Echoing Christine Rosen, Andrew Sullivan has a thoughtful article on the cult of the iPod. He wonders just how good for society is the isolation that comes with personal technology:
Walk through any airport in the United States these days and you will see person after person gliding through the social ether as if on autopilot. Get on a subway and you’re surrounded by a bunch of Stepford commuters staring into mid-space as if anaesthetised by technology. Don’t ask, don’t tell, don’t overhear, don’t observe. Just tune in and tune out.
It wouldn’t be so worrying if it weren’t part of something even bigger.

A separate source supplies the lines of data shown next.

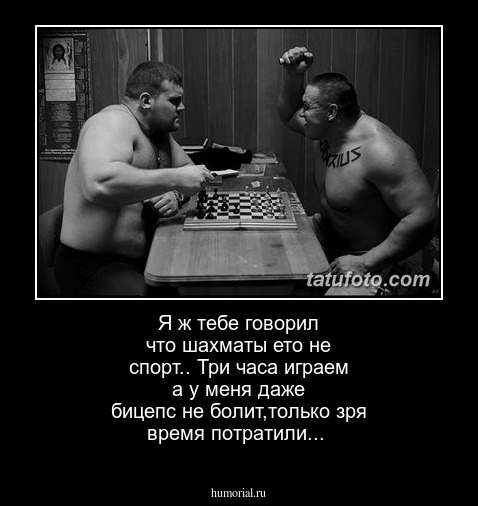 Я ж тебе говорил что шахматы ето не спорт..
Три часа играем а у меня даже бицепс не болит,только зря время потратили...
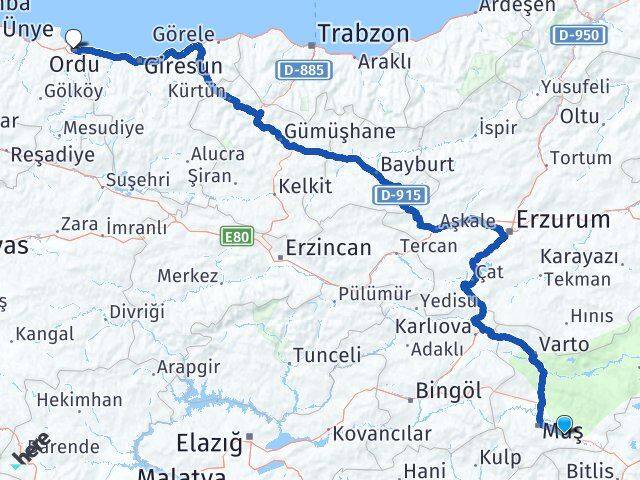 Muş Hasköy Ordu Arası Kaç Km - Yol Haritası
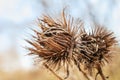 Dry flower photo Macro arctium Lappa, greater burdock. Macro dry flower in the sunset. Dried flower foliage at sunset Royalty Free Stock Photo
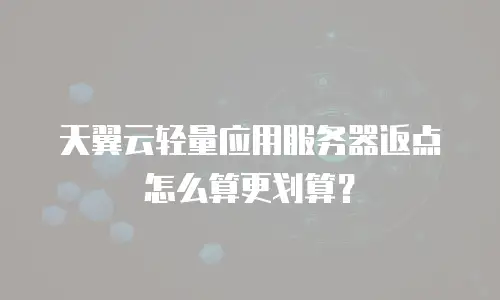 天翼云轻量应用服务器返点怎么算更划算？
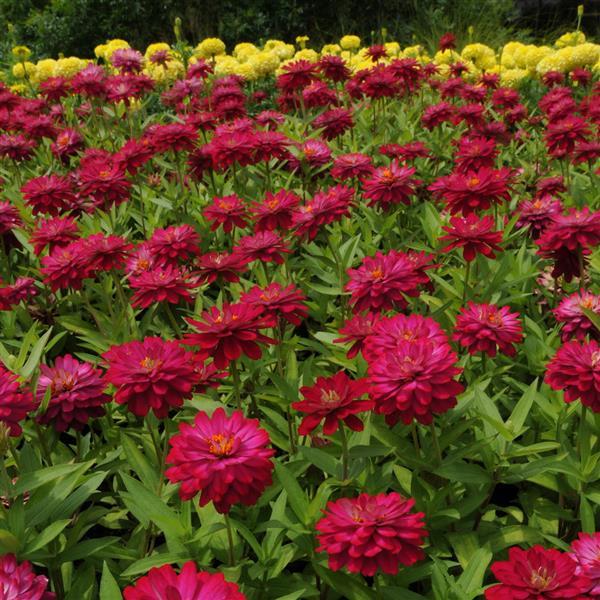 Double Zahara™ Cherry Zinnia - Landscape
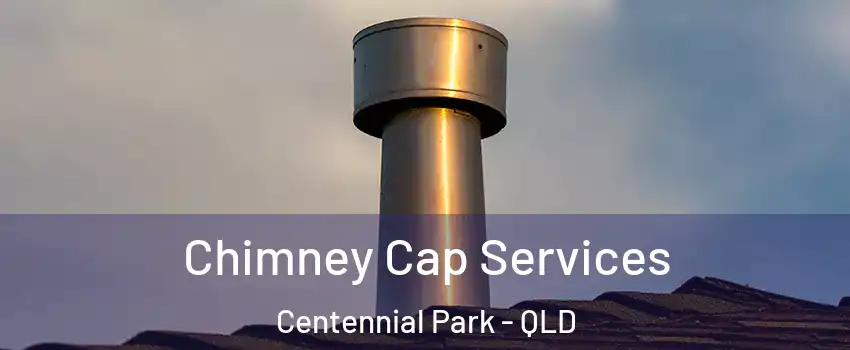 Chimney Cap Services Centennial Park - QLD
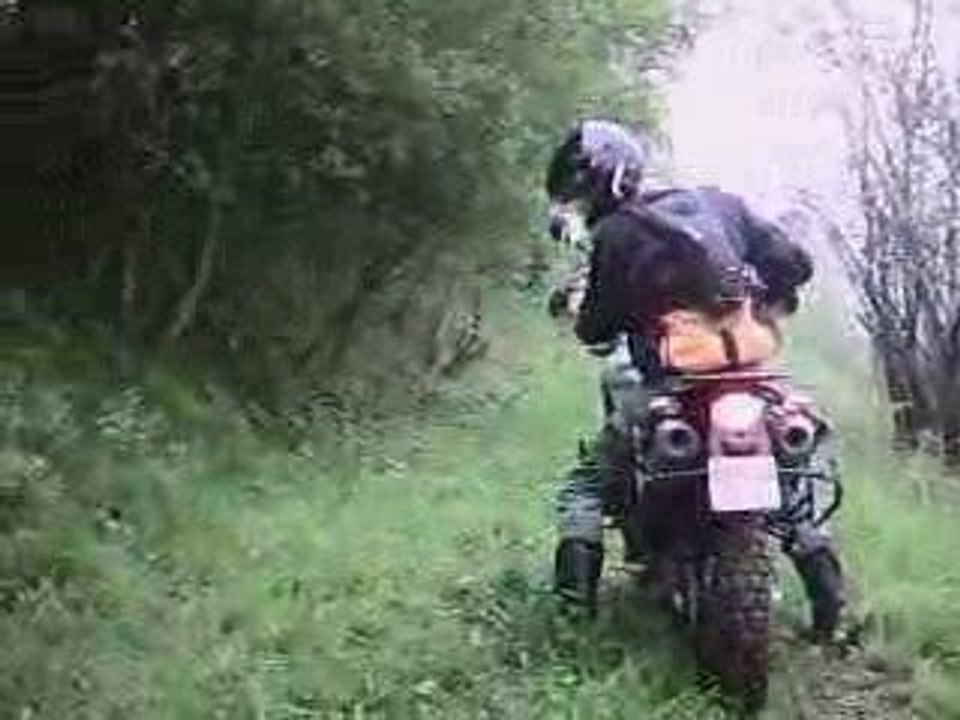 terrain Gras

Americans are beginning to narrow their lives.
You get your news from your favourite blogs, the ones that won’t challenge your view of the world. You tune into a satellite radio service that also aims directly at a small market — for new age fanatics, liberal talk or Christian rock. Television is all cable. Culture is all subculture. Your cell phones can receive e-mail feeds of your favourite blogger’s latest thoughts — seconds after he has posted them — get sports scores for your team or stock quotes of your portfolio.
Good thoughts—especially the part about how “culture is all subculture.” Each of us tends to get comfortable in our own niche, and tuning out the rest of the world becomes as much a matter of propriety as it is a matter of protecting our own interests.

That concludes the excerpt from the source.